>>>>>

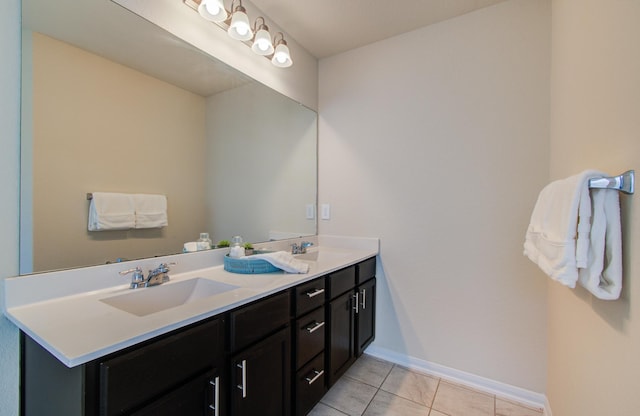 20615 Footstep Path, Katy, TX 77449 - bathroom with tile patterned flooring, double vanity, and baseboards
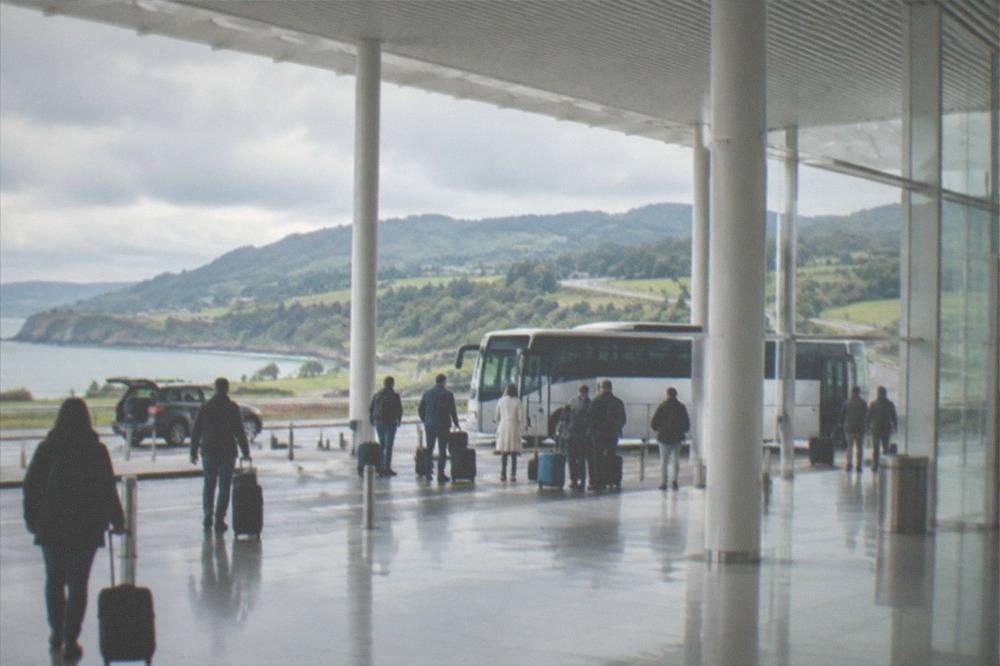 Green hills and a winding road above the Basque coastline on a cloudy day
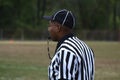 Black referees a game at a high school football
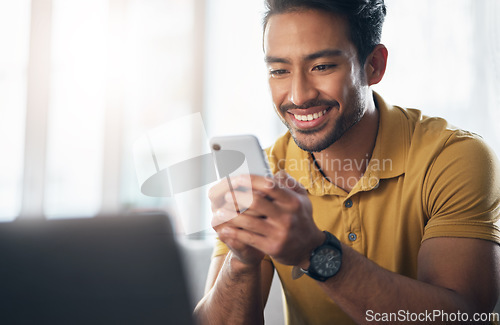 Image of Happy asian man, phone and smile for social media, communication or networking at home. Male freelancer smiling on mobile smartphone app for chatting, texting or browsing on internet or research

<<<<<

→ **WORK INSTRUCTIONS**
Starting with the line that holds "Black referees a", retype each line through the last one in the listing above, exactly as written. Do not copy any pictures.

→ **SOLUTION TO THE PROBLEM**
 Black referees a game at a high school football
 Image of Happy asian man, phone and smile for social media, communication or networking at home. Male freelancer smiling on mobile smartphone app for chatting, texting or browsing on internet or research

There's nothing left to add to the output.